Il faudra néanmoins immédiatement être au niveau, car des Blacks revanchards voudront immédiatement étouffer la furie bleue. "C'est un gros test. Aujourd'hui, Jalibert est n°1. C'est bien aussi de jouer un match de ce niveau-là, sans réelle pression, qui n'influe pas sur la suite de la compétition. Ca a déjà marché par le passé quand Romain avait déjà été blessé, donc il n'y a pas d'inquiétude particulière", tempère Vincent Clerc.
Car en face, la paire Aaron Smith-Richie Mo'unga, habituelle sans être indéboulonnable, accompagnée de Beauden Barrett, aura également plusieurs meneurs de jeu de classe mondiale. Avec une cible identifiée pour enrayer la mécanique bleue. "On va être très vigilants sur Antoine Dupont et ses actions. On va faire en sorte de limiter son rayon d’action, mais c’est un travail collectif", explique Aaron Smith.

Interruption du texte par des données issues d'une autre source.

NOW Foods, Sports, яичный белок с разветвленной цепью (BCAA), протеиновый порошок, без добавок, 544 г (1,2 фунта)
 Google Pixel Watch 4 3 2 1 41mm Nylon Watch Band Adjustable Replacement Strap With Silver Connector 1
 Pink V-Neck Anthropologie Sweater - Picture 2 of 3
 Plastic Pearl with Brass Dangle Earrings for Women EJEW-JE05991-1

Un public et des émotions à gérer
Enfin, impossible d'omettre l'ambiance qui entoure ce choc : un match d'ouverture au Stade de France, pour prendre la revanche sur l'édition 2007, où les Bleus avaient été surpris par l'Argentine pour lancer la compétition (12-17). "Il faut que l’on arrive à ne prendre que les énergies positives de cette pression, que ça nous porte en s’appuyant sur la confiance que l’on a créée avec notre public ces dernières années", souligne Antoine Dupont.
En face, les Néo-Zélandais voudront envoyer un message et s'éviter des doutes sur leur niveau de jeu, avant un quart de finale à leur portée qui n'arrivera que dans un mois. "Après nos performances contre l'Australie et l'Afrique du Sud (en juillet), on a fait de nous d’un seul coup les favoris de la Coupe du Monde. Puis il a suffi d’une performance moyenne à Twickenham pour qu’on devienne la pire équipe All Blacks de tous les temps", déplore le sélectionneur Ian Foster, conforté par son capitaine Sam Cane : "Cette équipe trouve en elle-même énormément de motivation. Je ne m'inquiète pas trop des commentaires à ce sujet."
Face à des Blacks rajeunis mais triple champions du monde, la gestion de l'émotion sera primordiale pour les Bleus, surtout en début de match. "Ils vont nous challenger dans tous les domaines, individuel, collectif, stratégie, émotionnel. Et cette donnée qu’on perçoit parfois un peu moins, c’est la relation entre les joueurs, l’affect, l’amour, l’envie d’assurer l’intérieur de l’autre. Il y a une force invisible qui naît dans ces moments-là et qui s’affirme, c’est ce qu’on a essayé de construire et on va passer au révélateur", ambitionne Fabien Galthié, qui arrive à l'immense échéance de son mandat commencé en 2019.